А ОН ИМПРЕССАРИО СОБСТВЕННОГО ПОЗОРА

1

Был бы идеальный край у этого симпатичного человека, если бы не один факт. Только один факт. Ценности не представляет. Заговорил языком экскурсовода, консультанта при военном трибунале. Барахтался, карабкался, бился как рыба об лед. Эти слова на этой бумаге и эти стены у этого дома на этой улице. Как увижу амфибрахий, так душа идет ко дну. Все важно для дикой яблони. Никакого значения не имеет для оттепели. Только карманный формат с нейтральными словами у мельницы. Требуется ваше отсутствие. ТВО-е, только твое. Как 5 лет за латинской машинкой: сначала мы уйдем, а потом опять придем. Гроза надвигалась. Занять ваш ум мне не дано. С кем я тревоги боевые в шатре за чашей забывал? Разве учительница литературы спорит с ученицей 5 класса? Какой может быть спор? ГЗБ: а мы идем в кино. Развернулась пружина. Мела поземка. Пронизывал ветер. А о других ударах ты не подумал? Он утратил понятие о хорошем стихе. Вот беда. Вот плохо. Заботы исчезнувшей цивилизации – как хороший завтрак, когда, наоборот, не надо завтракать. Классики не стеснялись. Кандид настраивает на погибшие книги в лесу. Только монолог. Дикий демонический танец: как перевод с древнего английского языка на средний, а потом на новый.

А новый уж давно стал старым. Счастье Мартина Чэзллвита тоже было недолгим. Это же невозможно читать поэму в аудитории с трибуны. Это же раздеваться догола. И тут же сидит жена поэта. Так это же достоинство!

Мальчик-С-Пальчик вынужден был извиняться перед Бабой-Ягой за то, что он такой худенький.
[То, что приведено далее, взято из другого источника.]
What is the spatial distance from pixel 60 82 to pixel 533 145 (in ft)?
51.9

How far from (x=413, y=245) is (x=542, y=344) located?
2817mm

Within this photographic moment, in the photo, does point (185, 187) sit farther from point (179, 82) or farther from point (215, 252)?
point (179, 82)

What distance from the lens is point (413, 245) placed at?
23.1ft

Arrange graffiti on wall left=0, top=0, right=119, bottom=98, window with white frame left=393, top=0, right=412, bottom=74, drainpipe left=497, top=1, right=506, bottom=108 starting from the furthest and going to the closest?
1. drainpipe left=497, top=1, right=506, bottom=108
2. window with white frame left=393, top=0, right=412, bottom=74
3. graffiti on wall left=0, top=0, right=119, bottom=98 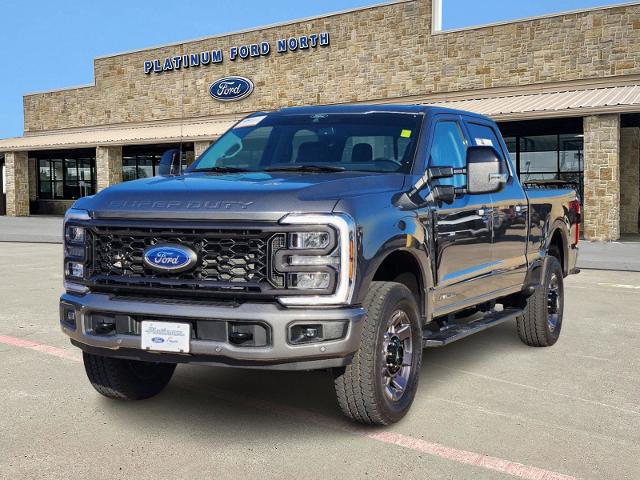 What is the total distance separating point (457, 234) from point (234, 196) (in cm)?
191

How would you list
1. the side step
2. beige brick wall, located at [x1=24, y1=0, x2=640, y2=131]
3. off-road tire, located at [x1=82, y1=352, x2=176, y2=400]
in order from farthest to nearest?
beige brick wall, located at [x1=24, y1=0, x2=640, y2=131]
the side step
off-road tire, located at [x1=82, y1=352, x2=176, y2=400]

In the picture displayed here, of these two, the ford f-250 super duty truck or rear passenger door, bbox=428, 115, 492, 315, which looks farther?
rear passenger door, bbox=428, 115, 492, 315

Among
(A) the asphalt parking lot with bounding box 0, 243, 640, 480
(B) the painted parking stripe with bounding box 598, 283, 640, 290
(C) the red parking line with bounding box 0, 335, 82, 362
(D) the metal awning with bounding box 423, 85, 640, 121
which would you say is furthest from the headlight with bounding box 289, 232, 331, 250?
(D) the metal awning with bounding box 423, 85, 640, 121

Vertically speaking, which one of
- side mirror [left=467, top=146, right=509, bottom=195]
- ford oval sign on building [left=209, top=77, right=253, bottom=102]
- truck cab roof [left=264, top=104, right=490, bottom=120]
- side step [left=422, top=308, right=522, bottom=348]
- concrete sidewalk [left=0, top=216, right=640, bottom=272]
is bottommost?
concrete sidewalk [left=0, top=216, right=640, bottom=272]

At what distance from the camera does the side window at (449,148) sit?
5.40 meters

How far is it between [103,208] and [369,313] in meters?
1.64

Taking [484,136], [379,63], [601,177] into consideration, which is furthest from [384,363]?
[379,63]

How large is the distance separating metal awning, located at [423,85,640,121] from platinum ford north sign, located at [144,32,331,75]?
6.99 m

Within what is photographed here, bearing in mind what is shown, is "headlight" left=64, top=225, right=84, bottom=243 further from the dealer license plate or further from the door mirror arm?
the door mirror arm

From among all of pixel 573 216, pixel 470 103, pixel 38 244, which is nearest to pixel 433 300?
pixel 573 216

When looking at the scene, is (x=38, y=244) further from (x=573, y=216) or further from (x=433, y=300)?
(x=433, y=300)

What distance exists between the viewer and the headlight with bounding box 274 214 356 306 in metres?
3.89

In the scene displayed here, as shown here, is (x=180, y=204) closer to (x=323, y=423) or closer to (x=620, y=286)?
(x=323, y=423)

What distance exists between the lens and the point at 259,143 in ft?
18.7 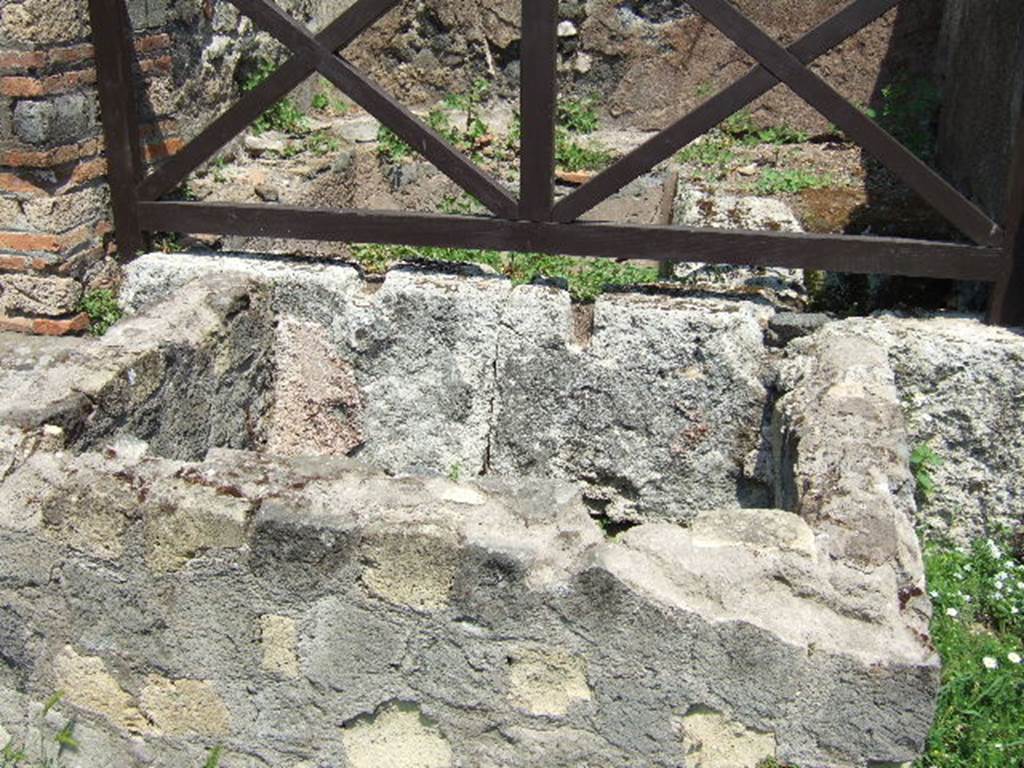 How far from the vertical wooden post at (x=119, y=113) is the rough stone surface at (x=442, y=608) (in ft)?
3.78

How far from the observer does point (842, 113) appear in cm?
331

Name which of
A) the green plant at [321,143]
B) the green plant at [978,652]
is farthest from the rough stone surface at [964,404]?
the green plant at [321,143]

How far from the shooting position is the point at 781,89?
641 cm

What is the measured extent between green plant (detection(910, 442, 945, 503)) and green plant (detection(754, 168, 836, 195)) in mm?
1832

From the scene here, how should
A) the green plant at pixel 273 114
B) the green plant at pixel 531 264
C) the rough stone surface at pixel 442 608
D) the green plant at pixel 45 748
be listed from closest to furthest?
1. the rough stone surface at pixel 442 608
2. the green plant at pixel 45 748
3. the green plant at pixel 531 264
4. the green plant at pixel 273 114

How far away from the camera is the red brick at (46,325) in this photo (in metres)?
3.89

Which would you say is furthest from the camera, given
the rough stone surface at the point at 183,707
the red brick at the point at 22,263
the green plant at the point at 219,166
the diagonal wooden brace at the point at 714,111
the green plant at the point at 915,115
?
the green plant at the point at 915,115

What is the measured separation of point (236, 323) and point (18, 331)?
102 centimetres

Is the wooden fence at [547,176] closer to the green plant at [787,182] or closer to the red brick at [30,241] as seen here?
the red brick at [30,241]

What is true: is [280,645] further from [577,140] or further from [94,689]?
[577,140]

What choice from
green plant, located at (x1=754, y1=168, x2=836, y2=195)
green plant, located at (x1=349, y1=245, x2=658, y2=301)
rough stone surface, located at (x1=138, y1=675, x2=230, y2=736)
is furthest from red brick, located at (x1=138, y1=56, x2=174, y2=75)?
green plant, located at (x1=754, y1=168, x2=836, y2=195)

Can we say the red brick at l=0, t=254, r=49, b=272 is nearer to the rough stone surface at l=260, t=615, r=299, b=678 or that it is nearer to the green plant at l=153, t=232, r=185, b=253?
the green plant at l=153, t=232, r=185, b=253

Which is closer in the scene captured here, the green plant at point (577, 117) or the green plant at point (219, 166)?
the green plant at point (219, 166)


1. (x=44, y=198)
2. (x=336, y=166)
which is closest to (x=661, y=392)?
(x=44, y=198) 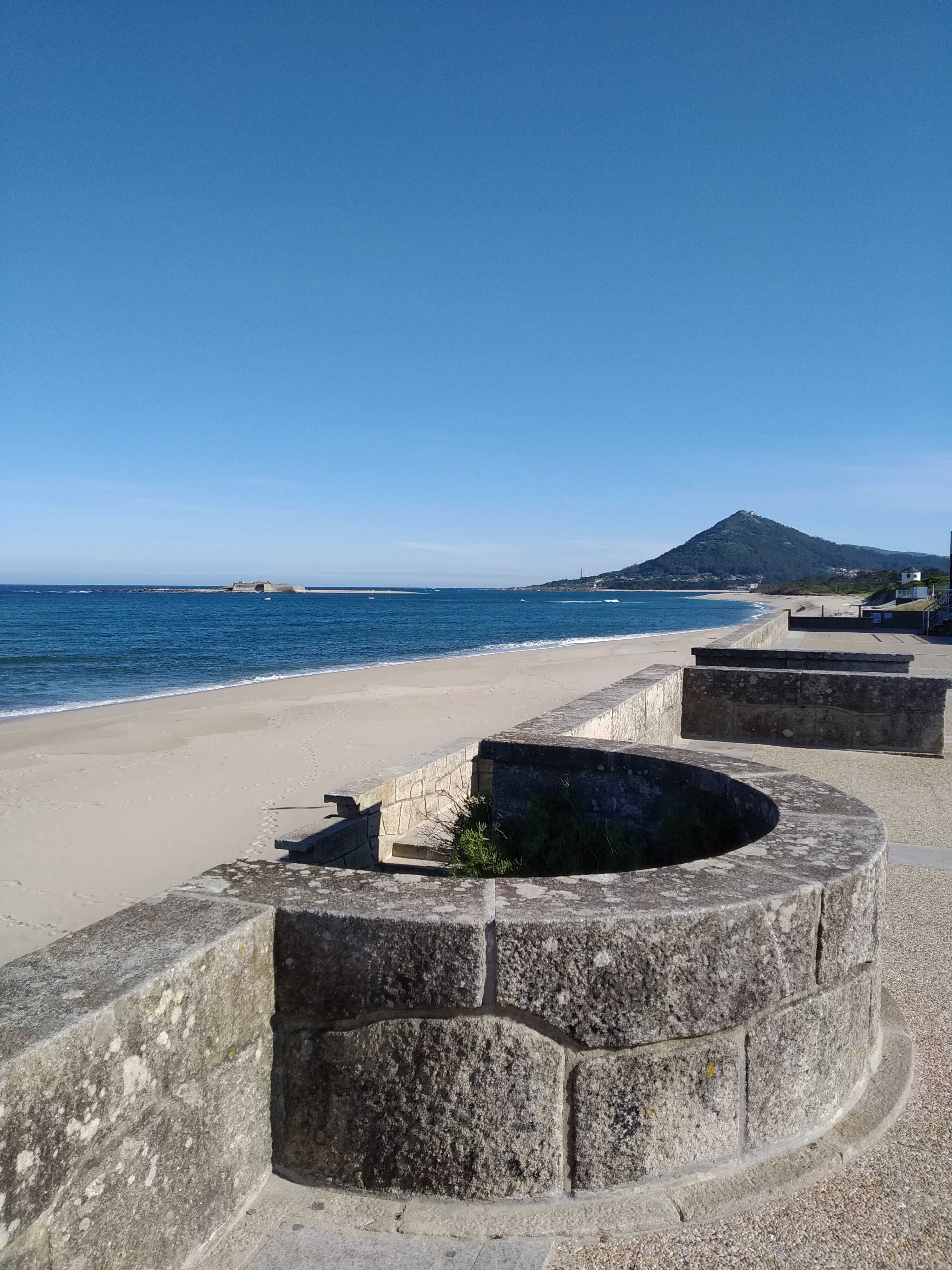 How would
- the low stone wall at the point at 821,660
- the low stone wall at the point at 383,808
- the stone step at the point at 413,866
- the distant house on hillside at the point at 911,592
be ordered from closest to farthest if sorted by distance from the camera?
the low stone wall at the point at 383,808 < the stone step at the point at 413,866 < the low stone wall at the point at 821,660 < the distant house on hillside at the point at 911,592

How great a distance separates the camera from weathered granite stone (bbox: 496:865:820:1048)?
6.11ft

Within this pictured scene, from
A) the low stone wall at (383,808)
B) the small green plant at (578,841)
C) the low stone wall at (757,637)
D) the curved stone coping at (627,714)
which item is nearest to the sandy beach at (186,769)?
the low stone wall at (383,808)

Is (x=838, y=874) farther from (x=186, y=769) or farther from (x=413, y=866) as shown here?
(x=186, y=769)

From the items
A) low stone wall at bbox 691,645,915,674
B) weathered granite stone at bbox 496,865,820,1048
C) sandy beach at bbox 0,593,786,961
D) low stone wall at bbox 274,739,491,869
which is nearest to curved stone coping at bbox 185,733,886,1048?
weathered granite stone at bbox 496,865,820,1048

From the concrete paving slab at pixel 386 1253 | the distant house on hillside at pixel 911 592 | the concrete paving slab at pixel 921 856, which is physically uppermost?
the distant house on hillside at pixel 911 592

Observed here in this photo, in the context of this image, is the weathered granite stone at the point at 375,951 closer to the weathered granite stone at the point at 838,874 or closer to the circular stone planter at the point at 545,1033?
the circular stone planter at the point at 545,1033

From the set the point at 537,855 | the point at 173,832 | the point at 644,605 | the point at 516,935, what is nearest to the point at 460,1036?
the point at 516,935

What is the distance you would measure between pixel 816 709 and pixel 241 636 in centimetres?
4419

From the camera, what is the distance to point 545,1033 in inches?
73.9

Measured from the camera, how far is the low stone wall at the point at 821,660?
8914mm

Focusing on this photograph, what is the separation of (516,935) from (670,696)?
21.1 feet

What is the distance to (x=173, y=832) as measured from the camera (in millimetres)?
8359

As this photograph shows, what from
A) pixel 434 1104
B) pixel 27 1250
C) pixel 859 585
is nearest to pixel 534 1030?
pixel 434 1104

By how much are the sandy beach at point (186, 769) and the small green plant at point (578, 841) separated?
11.0ft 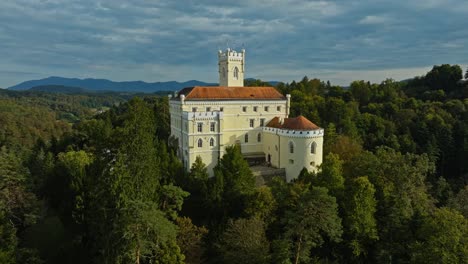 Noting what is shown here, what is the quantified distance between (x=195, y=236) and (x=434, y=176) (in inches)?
1641

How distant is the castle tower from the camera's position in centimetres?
4325

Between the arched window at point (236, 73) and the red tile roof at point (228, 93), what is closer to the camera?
the red tile roof at point (228, 93)

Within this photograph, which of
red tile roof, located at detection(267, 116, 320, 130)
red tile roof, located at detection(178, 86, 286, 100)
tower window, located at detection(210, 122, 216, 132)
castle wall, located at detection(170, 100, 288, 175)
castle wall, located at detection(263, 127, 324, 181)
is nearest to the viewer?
castle wall, located at detection(263, 127, 324, 181)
А ты покорми меня, бабушка, а потом уж ешь. На повороте из переулка на улицу мелькнул сюжет. Помню.

Но сам сюжет забыл. Удивительные слова приходили на той скамейке во глубине двора под деревьями с видом на то окно. Я еще посижу на той скамейке. Как 20 часов ожидания после того, как тебя ошарашило слово «освобождается». А что было? Сидел и думал, готовился к разговору, к возвращению на тот свет, о возвращении на который и не мечталось. Я видел такие радости и не в таком виде. Может, потому и не тороплюсь попасть на Собачью Площадку. Тишина, где твой смысл? Тишина, я искал тебя как вдохновение! А ему не мешает присутствие. Малого того. Его это даже как-то подстегивает. Он любит работать на машинке, когда кто-то рядом сидит. Это дешевый способ поиздеваться над человеком. Вы хотели меня уесть, но вам это не удалось. Если бы! Там свои счеты. А расчет только один. И подспудное течение только холодное. И реакция только одна: унижение паче гордости. И ошибка опять та же самая. Сивцев-Вражек.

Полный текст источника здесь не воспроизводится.